WHAT TO WORK ON
Once the pictures are set aside, transcribe each line of the listing exactly.

RECORDS PROVIDED
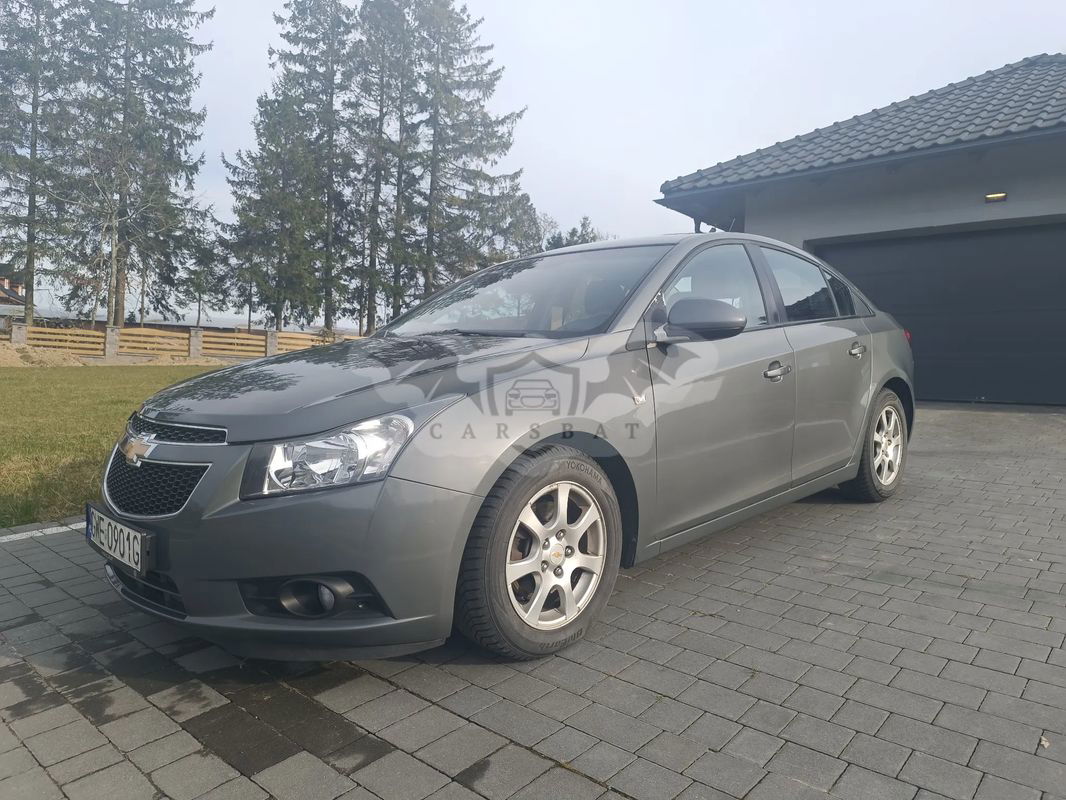 Chevrolet Cruze 2.0 D LT+ 2011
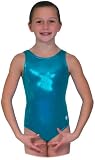 Mystique Leotard - Turquoise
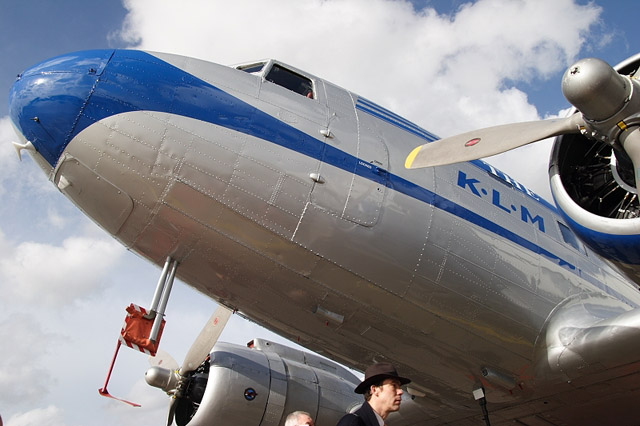 DDA Classic Airlines - 10Mar07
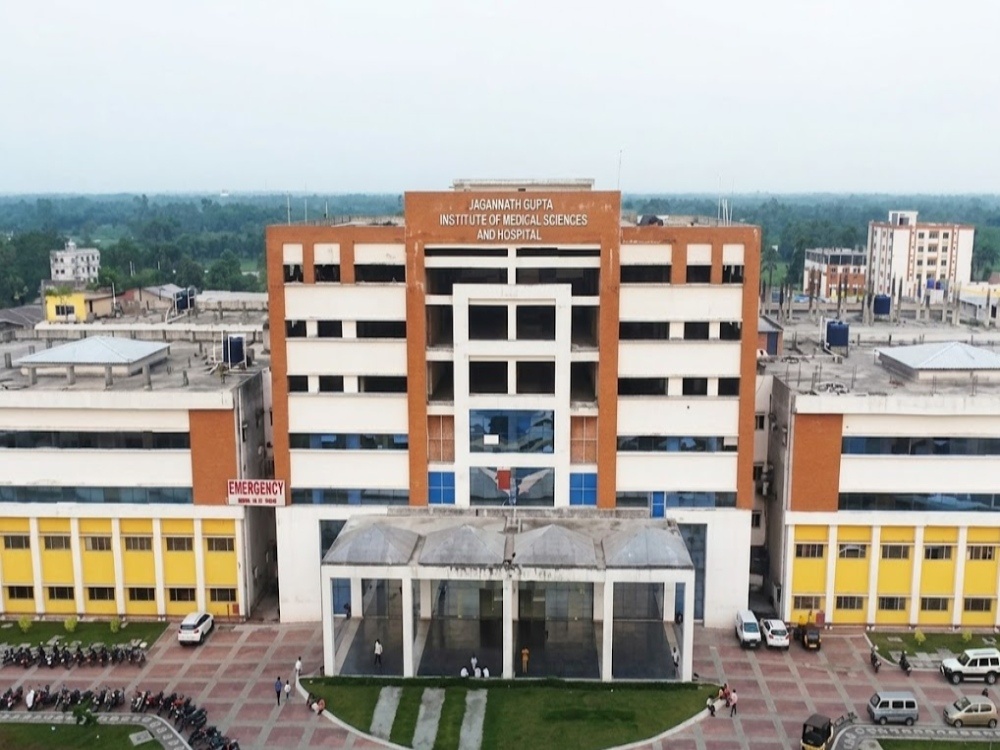 Jagannath Gupta Institute of Medical Sciences & Hospital, Kolkata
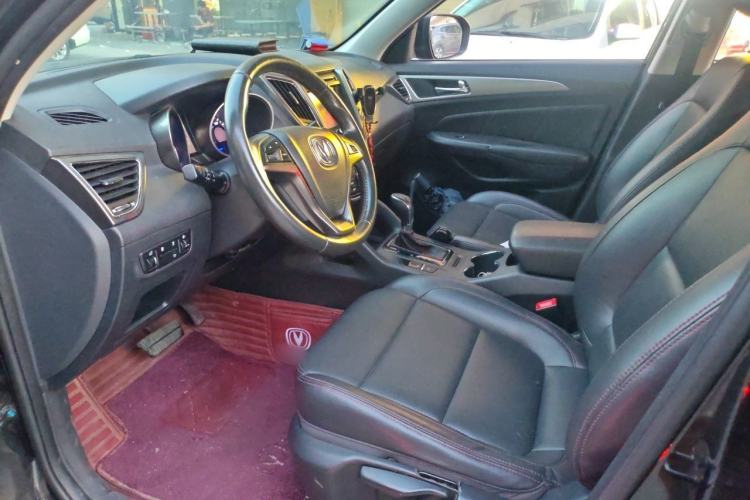 Used CHANGAN CS75 2016 1.8T Automatic Elite Model China V Standard Left Front Seat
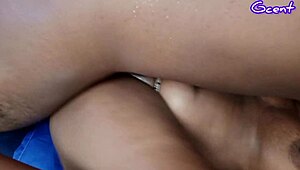 Stunning Babe Moans Loud While I Drill Her Deep!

TASK ANSWER
 Chevrolet Cruze 2.0 D LT+ 2011
 Mystique Leotard - Turquoise
 DDA Classic Airlines - 10Mar07
 Jagannath Gupta Institute of Medical Sciences & Hospital, Kolkata
 Used CHANGAN CS75 2016 1.8T Automatic Elite Model China V Standard Left Front Seat
 Stunning Babe Moans Loud While I Drill Her Deep!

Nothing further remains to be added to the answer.